UK housing

The performance of buy-to-let (BTL) mortgage loans backing residential mortgage-backed securities (RMBS) transactions will deteriorate slightly over the next 12-18 months, according to new research.

In a note to clients, ratings agency Moody's said the market deterioration would be a result of rental income growing more slowly or even declining in some regions, and pressure on tenants' disposable income.

Rodrigo Conde, Assistant Vice President and Analyst at Moody's, said: "Tenants are facing pressure on their disposable income as rents in the UK have been increasing faster than wages during the last eight years, especially in London, a trend we expect to continue."

However, as a result of the pressure, Moody's expects renters to "leave high rent areas for more affordable areas."

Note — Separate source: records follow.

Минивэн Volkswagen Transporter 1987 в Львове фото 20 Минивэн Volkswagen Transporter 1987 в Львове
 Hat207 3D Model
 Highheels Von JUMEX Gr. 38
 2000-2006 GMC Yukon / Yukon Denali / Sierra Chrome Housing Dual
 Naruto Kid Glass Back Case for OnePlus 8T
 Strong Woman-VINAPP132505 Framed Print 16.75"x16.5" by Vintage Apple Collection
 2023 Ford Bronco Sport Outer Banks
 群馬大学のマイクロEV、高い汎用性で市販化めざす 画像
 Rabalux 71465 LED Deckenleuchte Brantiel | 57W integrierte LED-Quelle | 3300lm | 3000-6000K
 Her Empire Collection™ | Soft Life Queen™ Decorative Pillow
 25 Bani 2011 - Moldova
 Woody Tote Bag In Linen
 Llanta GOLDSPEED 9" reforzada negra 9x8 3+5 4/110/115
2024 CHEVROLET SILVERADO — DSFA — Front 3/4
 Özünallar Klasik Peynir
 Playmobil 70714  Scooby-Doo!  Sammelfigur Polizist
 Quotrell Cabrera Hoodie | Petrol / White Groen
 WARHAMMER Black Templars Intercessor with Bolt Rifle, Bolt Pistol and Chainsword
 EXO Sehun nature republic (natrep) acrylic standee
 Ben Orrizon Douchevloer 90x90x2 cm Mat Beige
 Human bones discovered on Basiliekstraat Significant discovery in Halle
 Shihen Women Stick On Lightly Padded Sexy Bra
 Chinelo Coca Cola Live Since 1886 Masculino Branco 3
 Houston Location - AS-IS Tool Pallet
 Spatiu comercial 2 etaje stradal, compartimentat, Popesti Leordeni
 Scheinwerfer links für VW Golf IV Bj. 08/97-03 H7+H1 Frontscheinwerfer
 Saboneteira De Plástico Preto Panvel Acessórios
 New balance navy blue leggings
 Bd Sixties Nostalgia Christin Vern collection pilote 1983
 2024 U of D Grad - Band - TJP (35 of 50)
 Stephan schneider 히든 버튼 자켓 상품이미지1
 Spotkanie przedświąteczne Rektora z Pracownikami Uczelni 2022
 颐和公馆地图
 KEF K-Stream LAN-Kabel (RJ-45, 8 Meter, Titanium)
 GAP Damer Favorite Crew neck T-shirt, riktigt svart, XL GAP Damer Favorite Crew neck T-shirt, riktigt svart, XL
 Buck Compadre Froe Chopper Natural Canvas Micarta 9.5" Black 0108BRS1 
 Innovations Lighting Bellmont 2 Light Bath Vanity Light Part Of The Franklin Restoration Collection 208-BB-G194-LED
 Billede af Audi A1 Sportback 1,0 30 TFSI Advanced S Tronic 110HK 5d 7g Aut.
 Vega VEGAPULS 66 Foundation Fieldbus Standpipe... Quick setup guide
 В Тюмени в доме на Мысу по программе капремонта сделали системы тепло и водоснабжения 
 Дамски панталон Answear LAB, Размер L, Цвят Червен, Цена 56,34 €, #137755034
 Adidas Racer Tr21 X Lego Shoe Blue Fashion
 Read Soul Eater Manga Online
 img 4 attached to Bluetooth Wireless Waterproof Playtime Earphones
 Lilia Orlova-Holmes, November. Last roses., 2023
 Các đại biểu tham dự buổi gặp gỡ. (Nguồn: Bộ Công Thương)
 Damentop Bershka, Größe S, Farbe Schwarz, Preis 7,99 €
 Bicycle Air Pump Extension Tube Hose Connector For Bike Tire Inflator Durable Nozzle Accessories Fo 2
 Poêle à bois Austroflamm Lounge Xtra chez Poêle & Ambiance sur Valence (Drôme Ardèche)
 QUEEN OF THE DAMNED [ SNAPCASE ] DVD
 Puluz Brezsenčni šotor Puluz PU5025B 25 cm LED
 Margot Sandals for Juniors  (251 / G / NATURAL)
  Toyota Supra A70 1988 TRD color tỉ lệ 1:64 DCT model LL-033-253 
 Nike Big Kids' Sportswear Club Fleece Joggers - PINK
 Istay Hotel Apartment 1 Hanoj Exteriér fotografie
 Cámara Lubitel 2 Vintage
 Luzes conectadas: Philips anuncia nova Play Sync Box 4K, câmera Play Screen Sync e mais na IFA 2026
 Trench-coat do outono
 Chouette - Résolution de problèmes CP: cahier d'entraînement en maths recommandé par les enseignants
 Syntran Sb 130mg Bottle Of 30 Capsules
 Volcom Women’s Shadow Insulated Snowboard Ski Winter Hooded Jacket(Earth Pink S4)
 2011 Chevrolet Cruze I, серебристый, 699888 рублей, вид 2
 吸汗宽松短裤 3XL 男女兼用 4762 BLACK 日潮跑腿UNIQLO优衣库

"Based on our own forecasts and under our central scenario, the level of rent payments as a percentage of household income after taxes and basic expenses is set to increase to 60% by the end of 2018 for the average UK tenant, up from around 52% today," Conde said.

RMBS transactions backed by recently originated loans, namely 2014-16 vintages in industry jargon, will be hit hardest by performance deterioration because these loans were originated after much of home price appreciation had taken place and in a low interest rate environment, Moody's noted.

Additionally, eroding landlords' net rental income is a reduction in the interest deductibility and an increase in the stamp duty. For example, individual BTL landlords' ability to deduct mortgage interest from their rental income before calculating income tax is limited, thus reducing income available for landlords to cover BTL mortgage payments.

However, Moody's concluded that BTL RMBS transaction performance will remain stable despite weaker collateral performance due to "arrears being at historically low levels as well as the build-up of credit enhancement."